Step Hyp Ref Expression
1 fprodp1.1 
 |-  ( ph -> N e. ( ZZ>= ` M ) )
2 fprodp1.2 
 |-  ( ( ph /\ k e. ( M ... ( N + 1 ) ) ) -> A e. CC )
3 fprodp1.3 
 |-  ( k = ( N + 1 ) -> A = B )
4 peano2uz 
 |-  ( N e. ( ZZ>= ` M ) -> ( N + 1 ) e. ( ZZ>= ` M ) )
5 1 4 syl 
 |-  ( ph -> ( N + 1 ) e. ( ZZ>= ` M ) )
6 5 2 3 fprodm1 
 |-  ( ph -> prod_ k e. ( M ... ( N + 1 ) ) A = ( prod_ k e. ( M ... ( ( N + 1 ) - 1 ) ) A x.

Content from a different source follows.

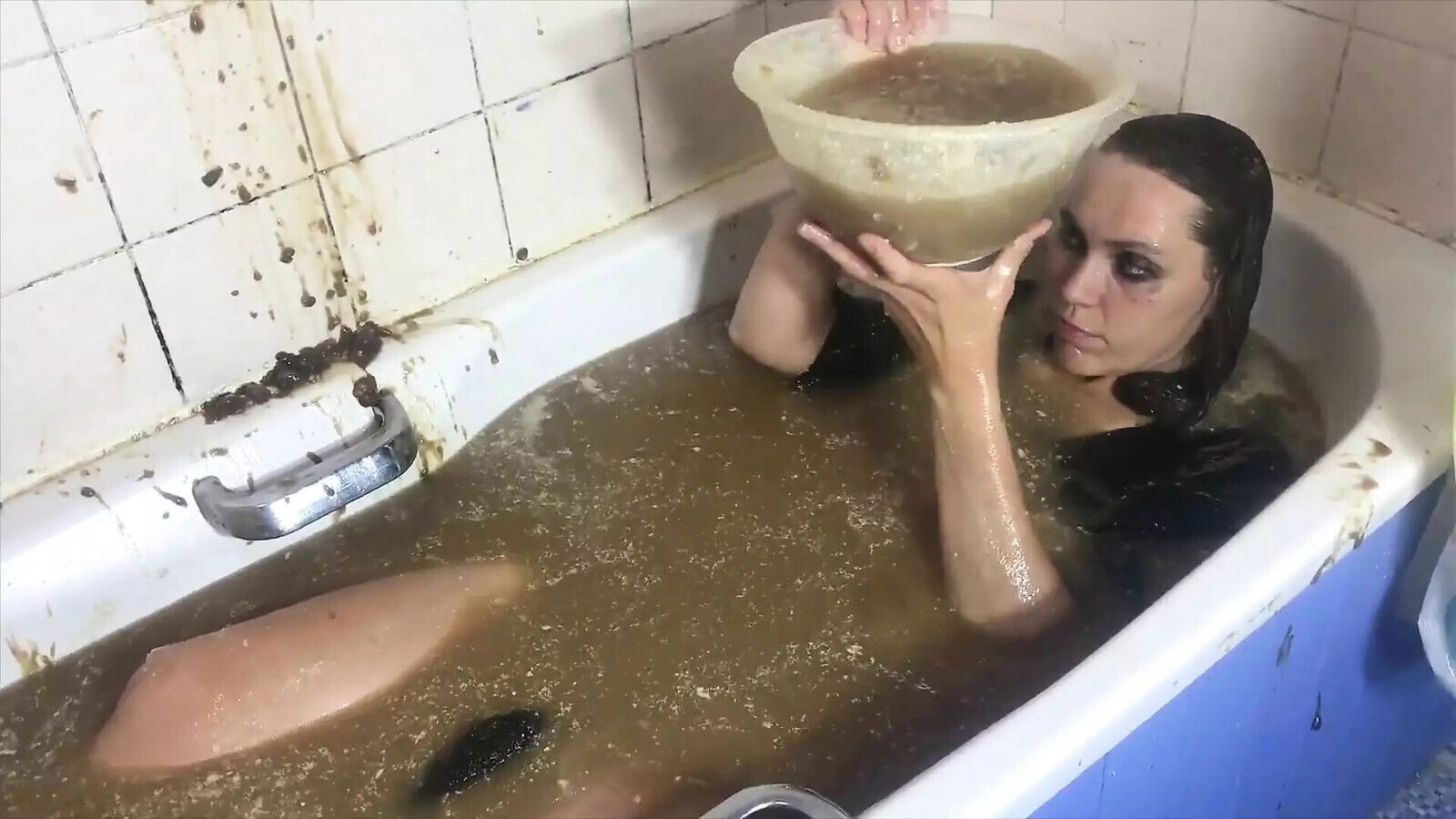 sexy gothic girl gunged custard gravy!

B ) )
7 eluzelz 
 |-  ( N e. ( ZZ>= ` M ) -> N e. ZZ )
8 1 7 syl 
 |-  ( ph -> N e. ZZ )
9 8 zcnd 
 |-  ( ph -> N e. CC )
10 1cnd 
 |-  ( ph -> 1 e. CC )
11 9 10 pncand 
 |-  ( ph -> ( ( N + 1 ) - 1 ) = N )
12 11 oveq2d 
 |-  ( ph -> ( M ... ( ( N + 1 ) - 1 ) ) = ( M ... N ) )
13 12 prodeq1d 
 |-  ( ph -> prod_ k e. ( M ... ( ( N + 1 ) - 1 ) ) A = prod_ k e. ( M ... N ) A )
14 13 oveq1d 
 |-  ( ph -> ( prod_ k e. ( M ... ( ( N + 1 ) - 1 ) ) A x. B ) = ( prod_ k e. ( M ... N ) A x. B ) )
15 6 14 eqtrd 
 |-  ( ph -> prod_ k e. ( M ... ( N + 1 ) ) A = ( prod_ k e. ( M ... N ) A x. B ) )